By Kath Walters @kathwalters
If you are in the content marketing game, you are a publisher. You are creating regular, trustworthy and timely content for your customers and potential customers in order to win their trust and build a market for your product or services.
So why, I wonder, are companies confused about which metrics they need to measure to capture data about their return on investment?
Only 20% of content marketers believe they are successfully measuring ROI, according to a recent survey of 251 Australian respondents by the Content Marketing Institute and Association of Data Driven Marketing (ADMA).
In addition, just 24% of marketing professionals judge their own content marketing to be ‘effective’ or just 5% say ‘very effective’, the survey found.
Publishers measure only one metric – how many readers they have (circulation) – and that is the most important metric for content marketers to measure, too.
The survey reveals a fatal flaw in many content marketing programs, says Joe Pulizzi, the founder of CMI. “By far number one metric content marketers measure is website traffic [60%],” he says. “It is a meaningless metric.”
The most important metric – growing subscribers – ranked at the bottom (32%). “It is a little troubling,” Pulizzi says.
Many companies make three fundamental mistakes when it comes to building their list of subscribers.

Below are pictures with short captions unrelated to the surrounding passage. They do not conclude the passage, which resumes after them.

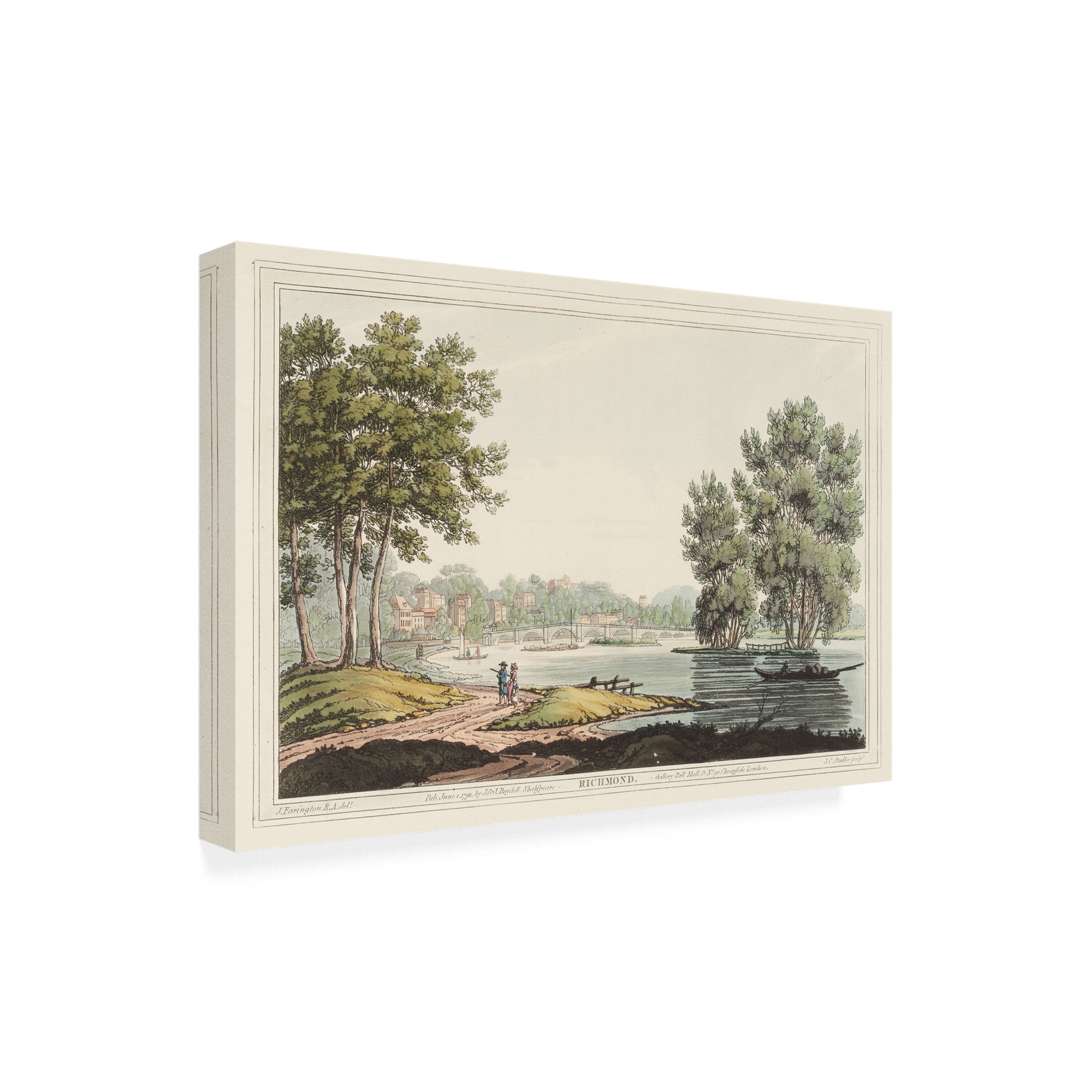 Trademark Fine Art 'Richmond, England' Canvas Art by Joseph Stadler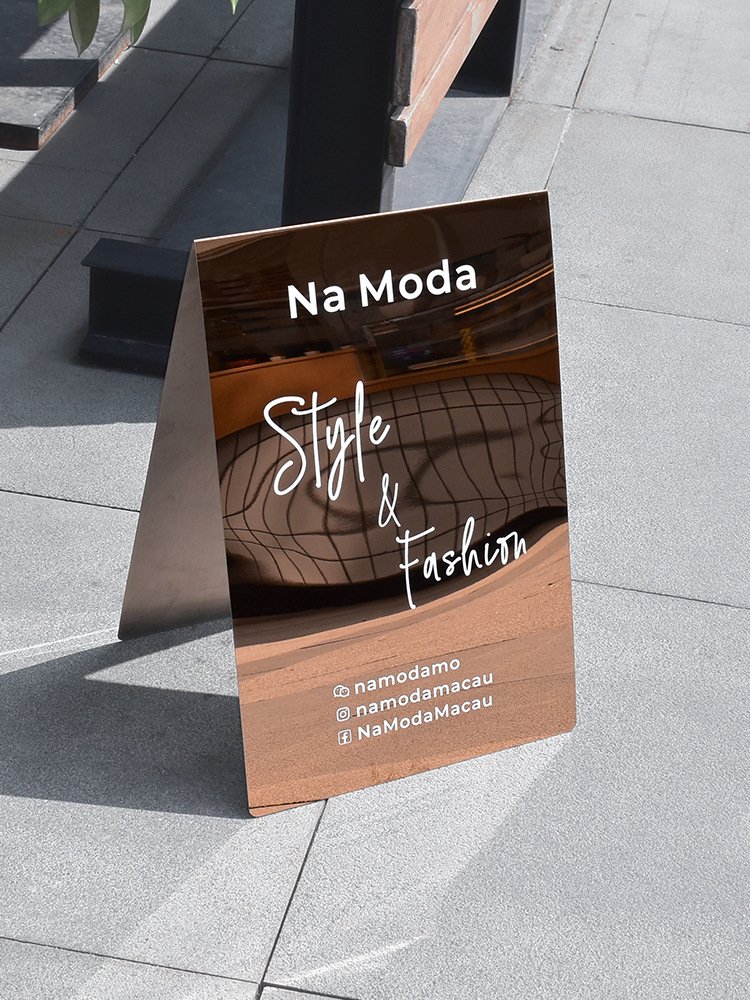 customized logo Popular Acrylic Mirror advertising decorate decorative mirror Desktop display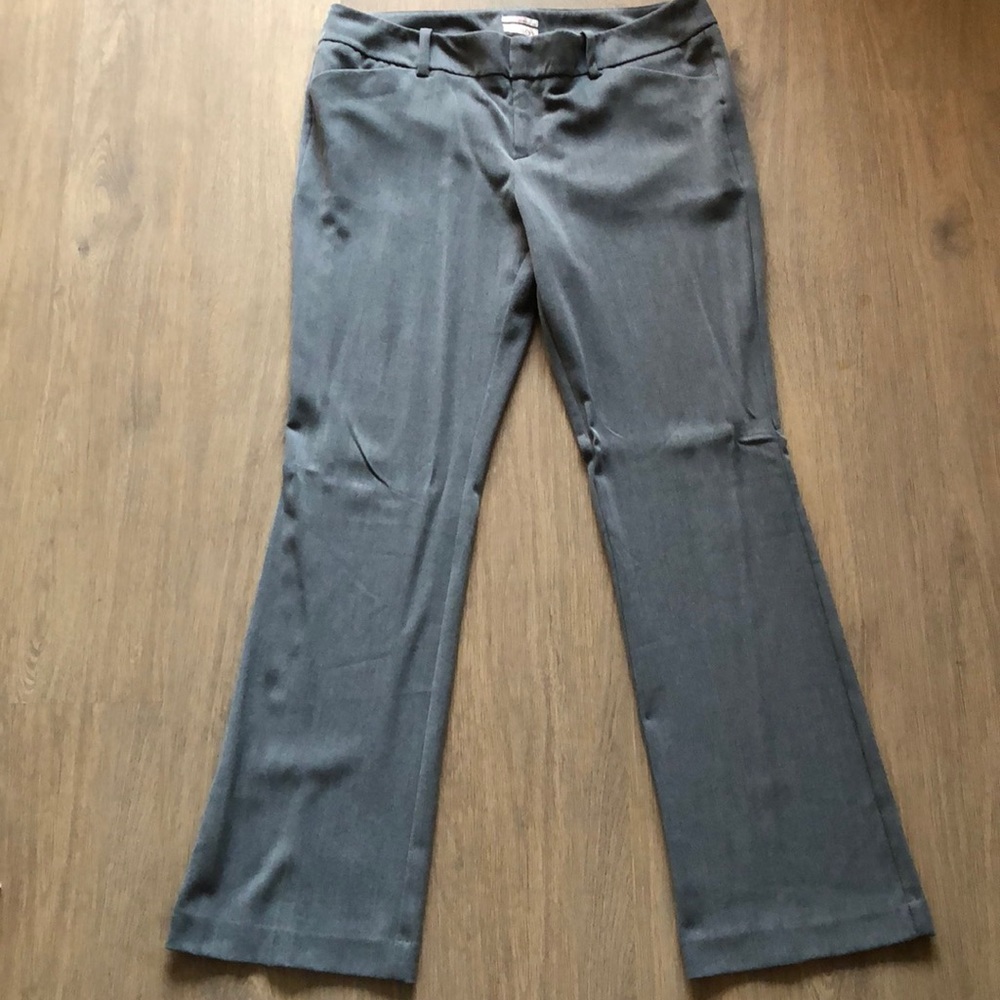 Gray dress pants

Here they are:
1. Their content does not match the needs and interests of their customers and prospects. They are (still) trying to use content marketing to sell, and not to engage.
2. It’s too hard to subscribe – the subscriber box is hidden, subscribers are asked too many questions (email only), or the instructions are not clear.
3. There is no free offer to tempt subscribers over the line. Email addresses are currency. Our inboxes are overflowing, and we are increasingly choosy about who we invite into them. Every subscription offer should include a free e-book, or another offer of value to your new subscriber.